Timmy Hodge loved it and made a stencil out of it. He put it over the front door of the trailer, over the doors of the radio vans and over the shed in the back. Back then the 7th SFG Sergeant Major was the “Mad Russian”, Ivan Ivanov. Some of you have probably heard stories of Ivanov. They’re all true. He was a true character. And his answer for everything or anyone who said something or did anything that he didn’t like was, “I’ll make you take a piss test!”
For some reason, the Group SGM was paranoid that the SF guys were drinking on duty at the BOP Site and would frequently pop in at the weirdest times to poke in the trash. No kidding, the 7th SFG SGM would open all the trash cans to look for empty Bud cans.

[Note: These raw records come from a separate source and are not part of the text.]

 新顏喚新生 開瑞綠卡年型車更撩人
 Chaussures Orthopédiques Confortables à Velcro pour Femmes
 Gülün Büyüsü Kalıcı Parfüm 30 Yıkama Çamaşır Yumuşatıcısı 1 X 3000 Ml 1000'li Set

So, early on a hot afternoon, Hodge and I were running the day shift for the BOP Site and Ivanov comes peeling in with his driver. We were out there to greet him, and Ivanov knew and liked Tim so he naturally he directed all of his questions to him. “So, Timatee, are these guys drinking beeahs out here?” he asked. Ivanov made mention of my mustache which was never in regulation…ever.

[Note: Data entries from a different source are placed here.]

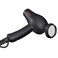 Travel Mini Hair Dryer Ceramic Ionic 1000 Watts Blow Dryer for RV Lightweight 2 Speed Settings with a Concentrator Black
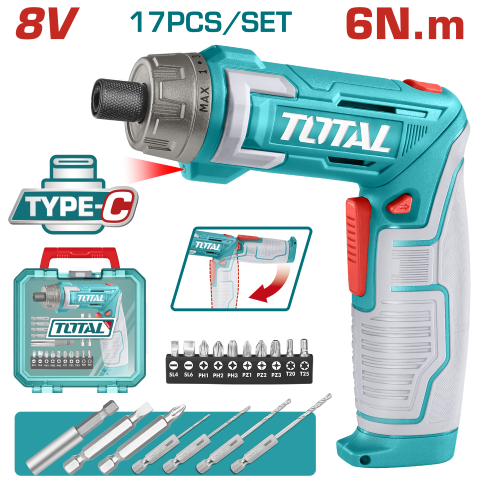 Cordless screwdriver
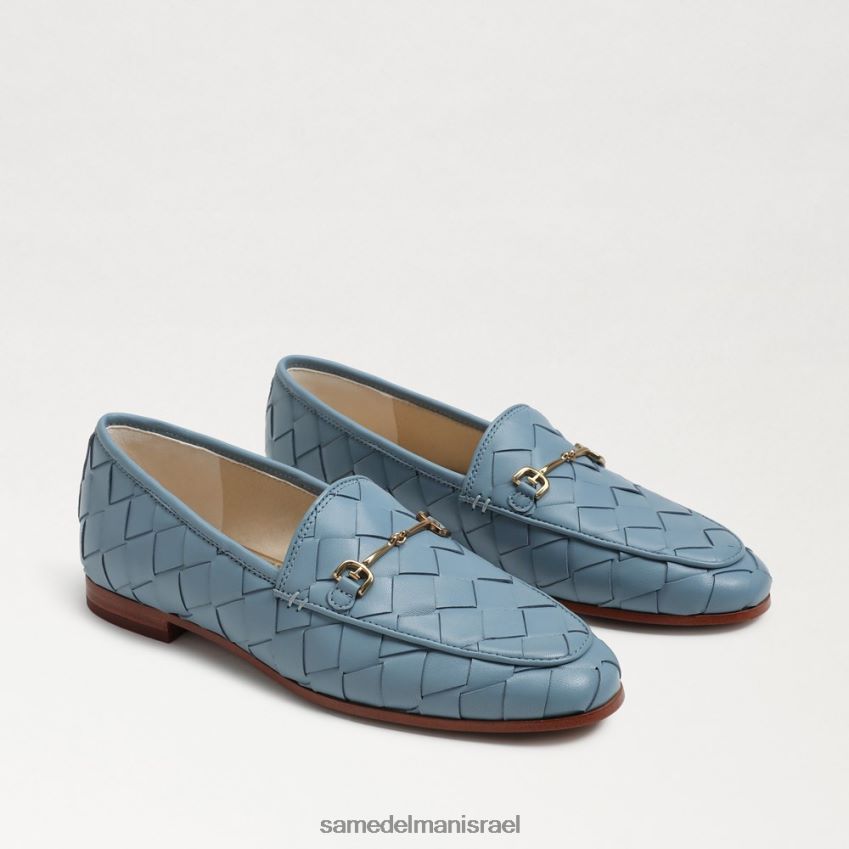 d7a0d7a9d799d79d_d794d6b7d7a0d7a2d6b8d79cd6b8d794_sam_edelman_d79cd795d7a8d799d799d79f_d790d7a8d795d792_d791d799d798_d7a9d79e.jpg נשים הַנעָלָה Sam Edelman לוריין ארוג ביט שמי אספן 4XL22X514 - Image 1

“Hey Sergeant, you think you’re Pancho Villa?” He laughed at his own joke, then said, “Trim that fucker up or I’ll make you take a piss test.” After poking around the site and opening all the trash cans and finding no empty beer cans, he was happily getting ready to get out of our hair and on his way.
As he was walking to his vehicle, he stopped. “Hey Timatee, What the Fuck is Batman BOHICA mean?” Hodge never missed a beat. “Hey SGM,” Tim said. “Steve here is Sicilian, and BOHICA is an old Sicilian term for always ready.” My eyes got huge, but I said, happily for once…nothing.
Ivanov’s eyes narrowed and he paused for a second or two. He then nodded knowingly and laughed. “Fuckin’ A. I like that. BOHICA to you too.” As he was walking past one of the vans, he stuck his head inside. Two SF radio operators, Jerry S. and Ray G. were sending out traffic. Ivanov leaned in and said “BOHICA to you guys.” Ray was sending traffic on Morse but both he and Jerry’s eyebrows shot up and they both leaned around Ivanov to peer at us outside as if to say…”you two are in for it now.”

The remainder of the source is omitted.